They concede that the three of them may be counted towards the requirement, but argue that Pierce and Metrakos may not be. They reason that neither Pierce nor Metrakos "conducted" the gambling; they merely served food and drinks. Additionally, appellants argue that Metrakos should not be counted because he was a patron of the casino.
Appellants' argument must yield to our recent decision in United States v. Tucker, 638 F.2d 1292 (5th Cir. 1981). In Tucker, we held that waitresses who served drinks to gamblers, made change for them, and delivered messages could be counted in the five-member tally. We reasoned that such persons participated in the "conduct" of the gambling enterprise because they performed functions necessary or helpful to its operation. This interpretation of the gambling statute is consistent with the intent of Congress "to include all those who participate in the operation of a gambling business, regardless (of) how minor the roles," United States v. Joseph, 519 F.2d 1068, 1071 (5th Cir.), cert. denied, 424 U.S. 909, 96 S.Ct. 1103, 47 L.Ed.2d 312 (1975), and is supported by the Supreme Court's statement in Sanabria v. United States, 437 U.S. 54, 70-71 n.26, 98 S.Ct. 2170, 2182 n.26, 57 L.Ed.2d 43 (1978), that section 1955 "proscribes any degree of participation in an illegal gambling business, except participation as a mere bettor."
Applying this standard to the present case, and mindful that we must view the evidence in the light most favorable to the government, Glasser v. United States, 315 U.S. 60, 62 S.Ct. 457, 86 L.Ed. 680 (1942), we conclude that Pierce and Metrakos performed functions necessary or helpful to the gambling operation. Both served food and drinks to the gamblers, the same function performed by the waitresses in Tucker. They also cleaned up and acted as security guards. Both contributed to the conduct of the gambling operation at least from January 20 to March 3, 1979,3 and, therefore, both may be counted as part of the five-person element.
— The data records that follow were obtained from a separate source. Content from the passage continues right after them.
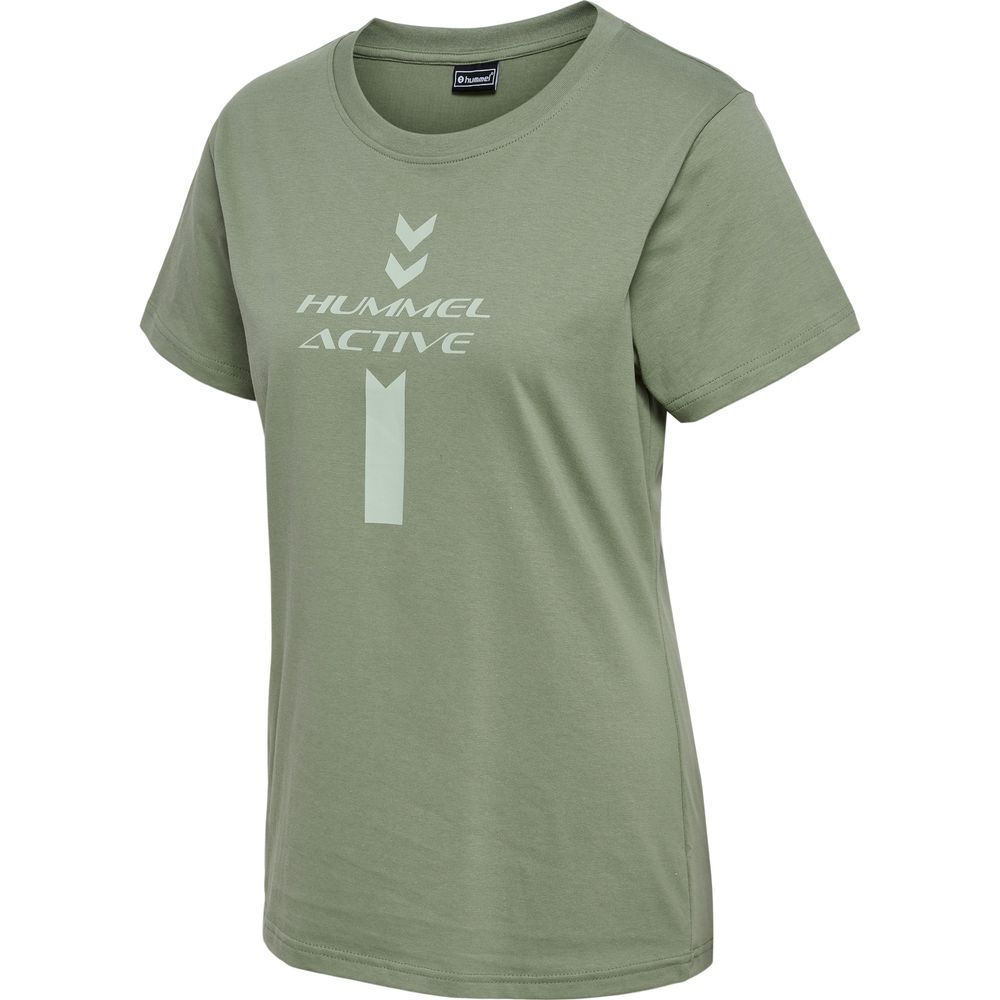 Hummel Hmlactive Graphic Co Tee S/S Woman - sea spray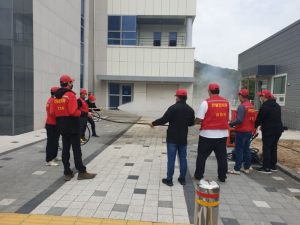 김천시 대덕면, 산불진화 기계화훈련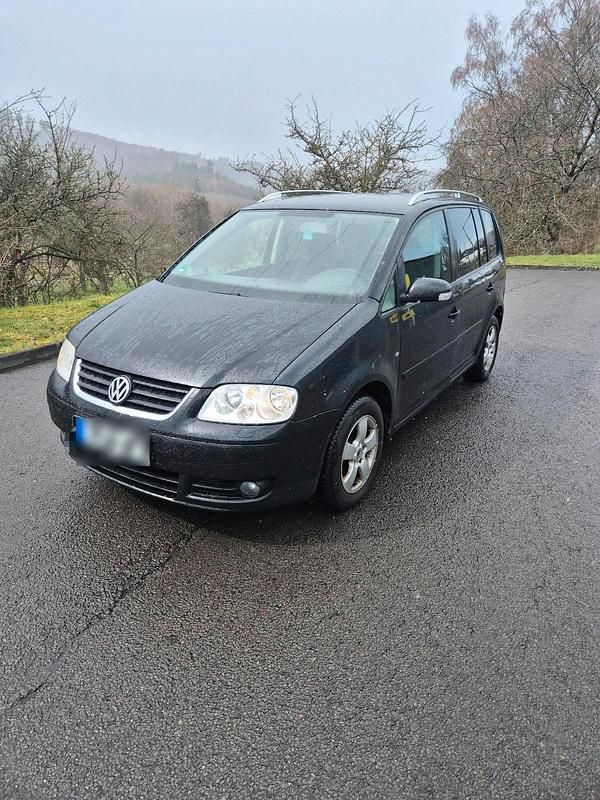 Gebraucht VW Touran 105 PS (77 kW) 2005 Schwarz Van / Kleinbus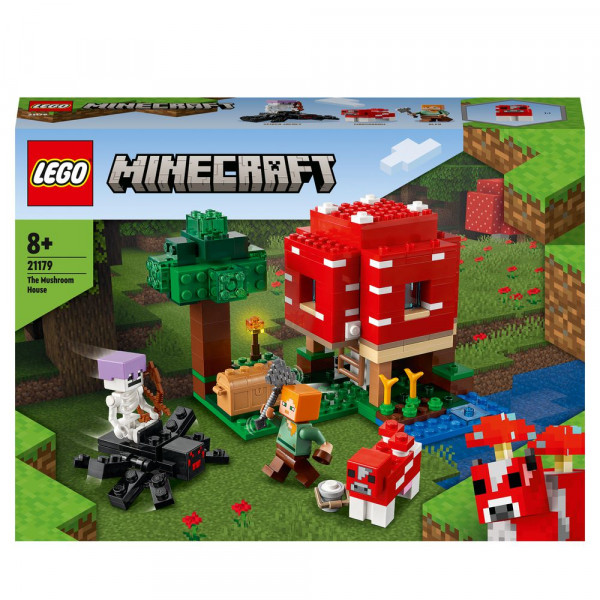 LEGO Minecraft 21179 Das Pilzhaus, ab 8 Jahren Lego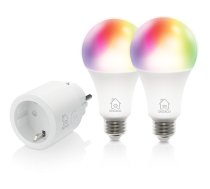 Starter kit DELTACO SMART HOME smart plug and 2x RGB LED lights / SH-KIT01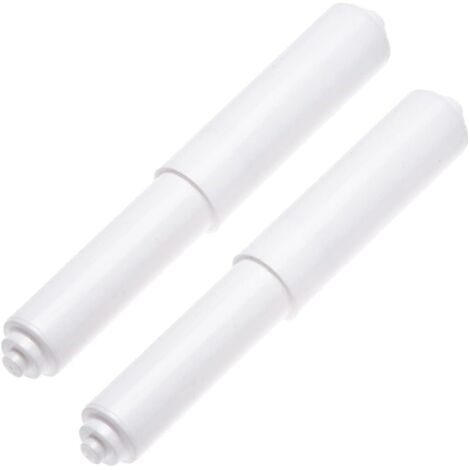 2-teiliges Set – Ersatz-Federstange für Toilettenpapierhalter, weiß (1/3)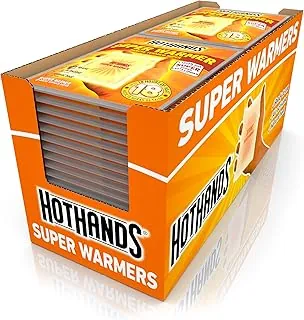 HotHands - Calentadores para cuerpo y manos. Calentadores naturales y sin olor activados por aire, de larga duración: hasta 18 horas de calor. 40 calentadores individuales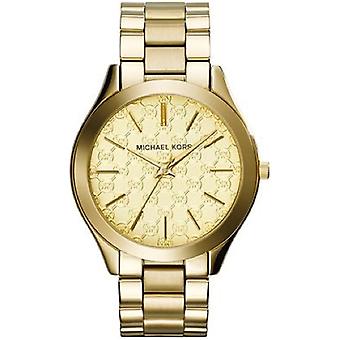 Michael kors slim runway Quartz Analog Women Watch with MK3335 Stainless Steel Bracelet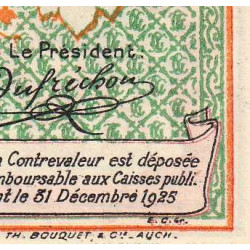 Auch (Gers) - Pirot 15-31 - 1 franc - Série R - 06/07/1921 - Etat : SPL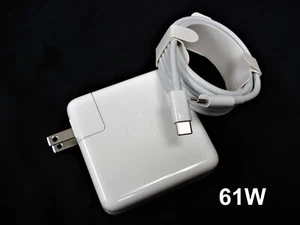 NUEVO Adaptador de CA Apple 61W USB-C Tipo C para 2018 2019 2020 2021 MacBook Pro 13" - Imagen 1 de 4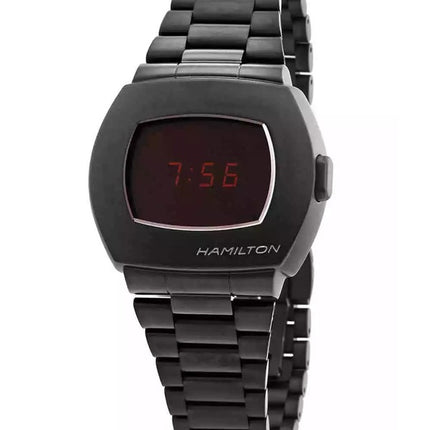 Hamilton American Classic PSR Digital Stainless Steel Black Dial Quartz H52404130 100M Men's Watch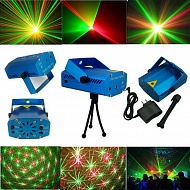 Лазерный проектор вращающийся "DISCO LASER"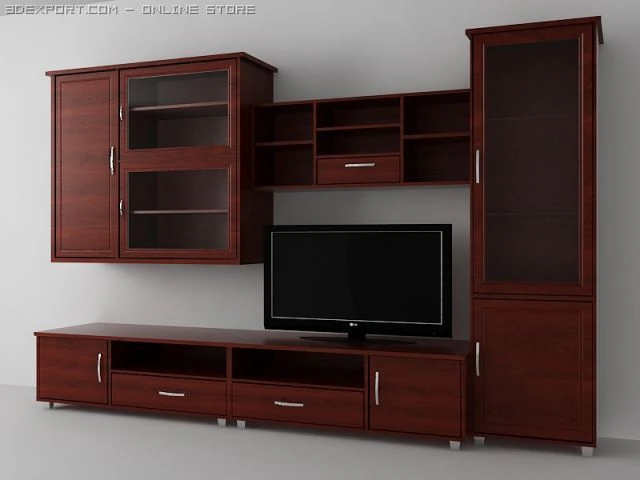 livving room 3D Model .c4d .max .obj .3ds .fbx .stl .blend 
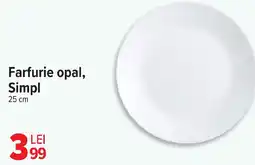 Carrefour Market Farfurie opal, Simpl Ofertă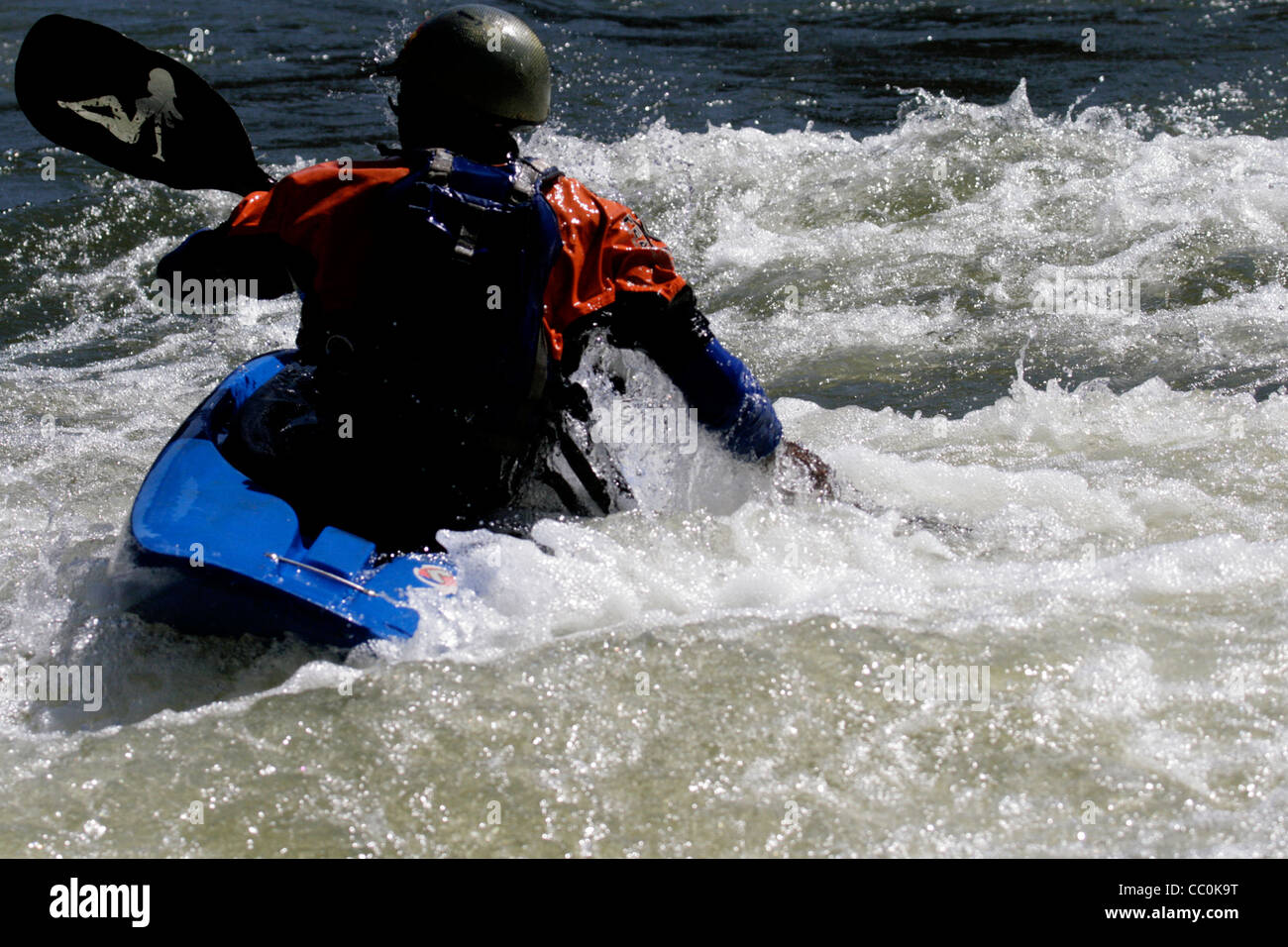 White water rafting/kayaking, Zambezi River Stock Photo Alamy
We also reject appellants' contention that Metrakos may not be counted because he gambled in the casino. We agree that a person who merely gambles may not be included in the necessary five. However, a person's participation in the conduct of a gambling enterprise is not altered by the fact that he gambles there as well. To rule otherwise would be to invite a subterfuge which would undermine the statute and frustrate the will of Congress: it would be a simple expedient to have every person, who might be counted, gamble at some point each day. We decline the invitation to scuttle section 1955 in that manner. One who is involved in the operation of a gambling enterprise may not shield the enterprise from federal prosecution by periodically participating as a player. Persons occupying such a dual status may be counted in satisfying the numerical requirement.
Two predicate offenses are necessary to support a RICO conviction. Colacurcio and Rallis contend that the several acts of bribery constitute only one offense. DiMopoulas argues that he did not participate in any acts of bribery so his substantive RICO conviction should be reversed.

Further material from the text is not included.